Tankers queue near old Venezuela oil port ahead of US license expiry, data shows
(Reuters) -Tankers are lining up near an old oil port at Venezuela's Western region to load crude cargoes and depart from the South American country before a May 27 deadline set by the U.S. to wind down operations and exports, according to documents and data.
U.S.-sanctioned Venezuela is set to inaugurate this month exports of a new crude grade, Blend 22, to lure customers even after the expiration of licenses Washington had granted to companies in the U.S., India and Europe to carry Venezuelan oil exports.
Because the grade is a blend of crudes produced by state-owned oil company PDVSA at its Western fields, exports must be shipped from La Salina, an aging and deteriorated terminal on the shores of Lake Maracaibo where tankers often get their hulls stained when docking due to oil leaking from submarine pipelines.
Vessels also cannot load more than 350,000 barrels of crude in that area because of Lake Maracaibo's lack of dredging.
Most PDVSA customers typically avoid La Salina, but as the deadline approaches for buyers taking Venezuelan oil cargoes under U.S. licenses, some have taken the risk of loading there, which has begun triggering delays and a bottleneck of tankers waiting at Maracaibo's anchorage, the documents and ship monitoring data showed.

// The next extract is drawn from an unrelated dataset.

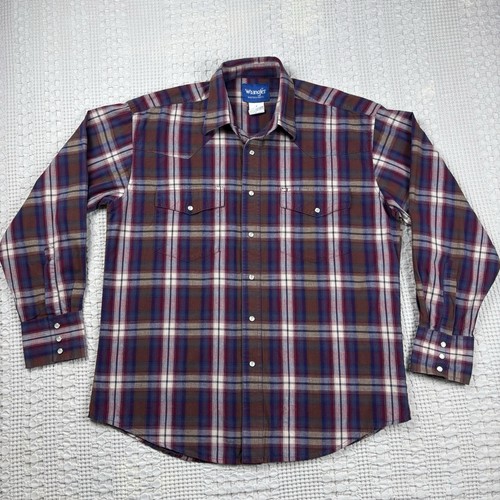 Camicia vintage anni - , 90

A vessel chartered by trading house Vitol to load a 250,000-barrel cargo of Blend 22 allocated by PDVSA to France's Maurel & Prom is having its hull cleaned this week after it completed loading last week, according to one of the documents.
The companies are scheduled to take a similar cargo after that as part of an oil swap that involves heavy naphtha for Venezuela, and three more could follow pending an agreement with PDVSA, according to a source close to the talks.
The neighboring Bajo Grande terminal, which was used by Chevron to ship crude from one of its joint ventures before PDVSA this month canceled the cargoes it had allocated to the U.S. firm, is now being used by the state company to load Boscan heavy crude for floating storage, the documents showed.
Of about a dozen vessels Chevron had near Venezuelan ports earlier this month before the cargo cancellations, five remain close to Aruba waiting for directions, while the others were sent to pick up cargoes elsewhere, according to LSEG ship data.
PDVSA, M&P and Chevron did not immediately reply to requests for comment. Vitol declined to comment.
President Nicolas Maduro's government has criticized Washington's hardening of sanctions on the country and said the measures amount to an "economic war."